What is Tapering in Cycling?
You want to “feel it” during the race day, have fresh legs, push in pedal like there is no resistance, being super motivated, and there is a way to do it. It’s called tapering.
Tapering is reducing the duration and little reduction of intensity in the days/weeks before main competitions.
When you are planing your season, you can see some patterns during the year.
When you focusing on building base your fatigue and fitness will be steadily growing and freshness will be on relatively the same low levels with some “bumps” during recovery weeks.
You can see big spikes in fatigue during training camps or stage races and you can see spikes in freshness before them.
Reducing a load of workout before the main race is extremely important to be able to reach your peak performance.
How and When To Do Tapering in Cycling?
Now you know what is Tapering.
We would like to tell you more about how and when to tapering so you can get into your peak performance right on your racing day.
Tapering can take from a few days up to about 4 weeks.
Let’s talk about 2-weeks tapering for one of your main events. Your main event is in 14 days.
You are planing last 2-weeks before race.
The first week of tapering should be around 75% off TSS (Training Stress Score) from the average of your 6 weeks.
Second week should be only around 50% off TSS from average of your 6 weeks.

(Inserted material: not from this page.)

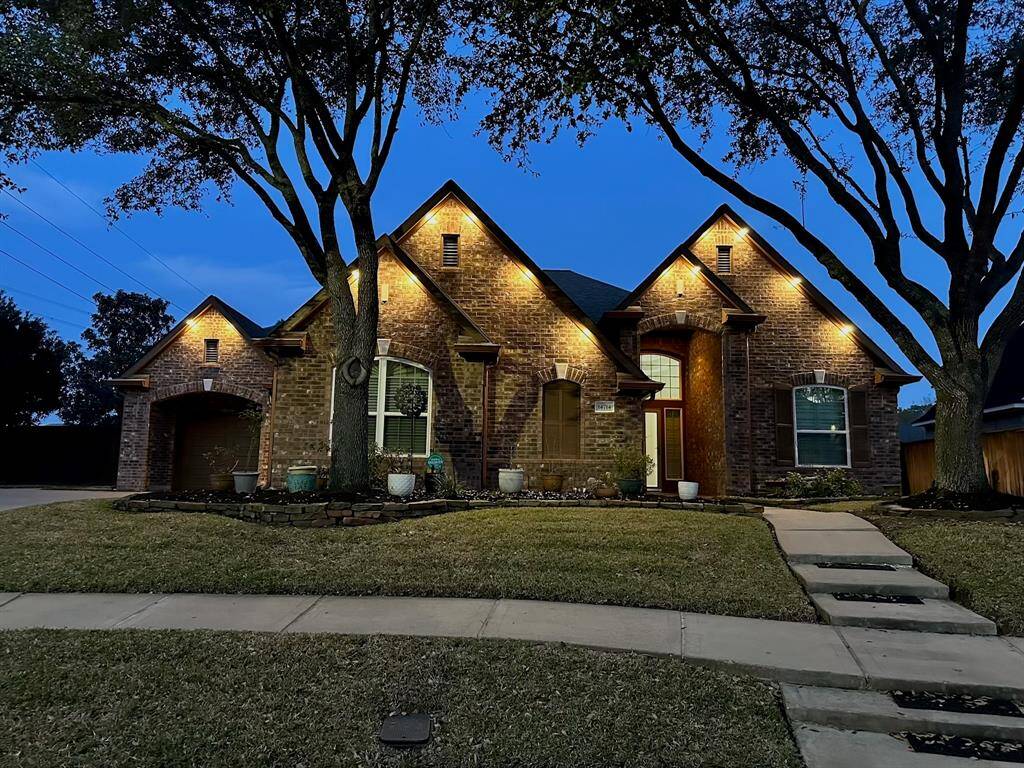 Home lights up beautifully at night with soffit lighting.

For example, if your avg. from the last 6 weeks was 600 TSS. You should be doing 450 TSS in 2 weeks prior to the race, and only 300 TSS in last week before the race.
This big reduction in value allows you to be fresh and boost your performance to the top level.
What about intensity?
Intensity should stay on the same level or even go a little higher to imitate race intensity but remember about reducing the number of intervals.
For example, if you were doing 5 x 4 min VO2 Max intervals bring it down to 3-4 x 4 min intervals.
Remember that intensity has to stay high but it can be tempting to go harder and longer because you will be filling “fresh legs”. Don’t make this mistake and stay with the plan.
Those are overall guideline that can work in many of cases but remember to test it and optimize for your individual training plan.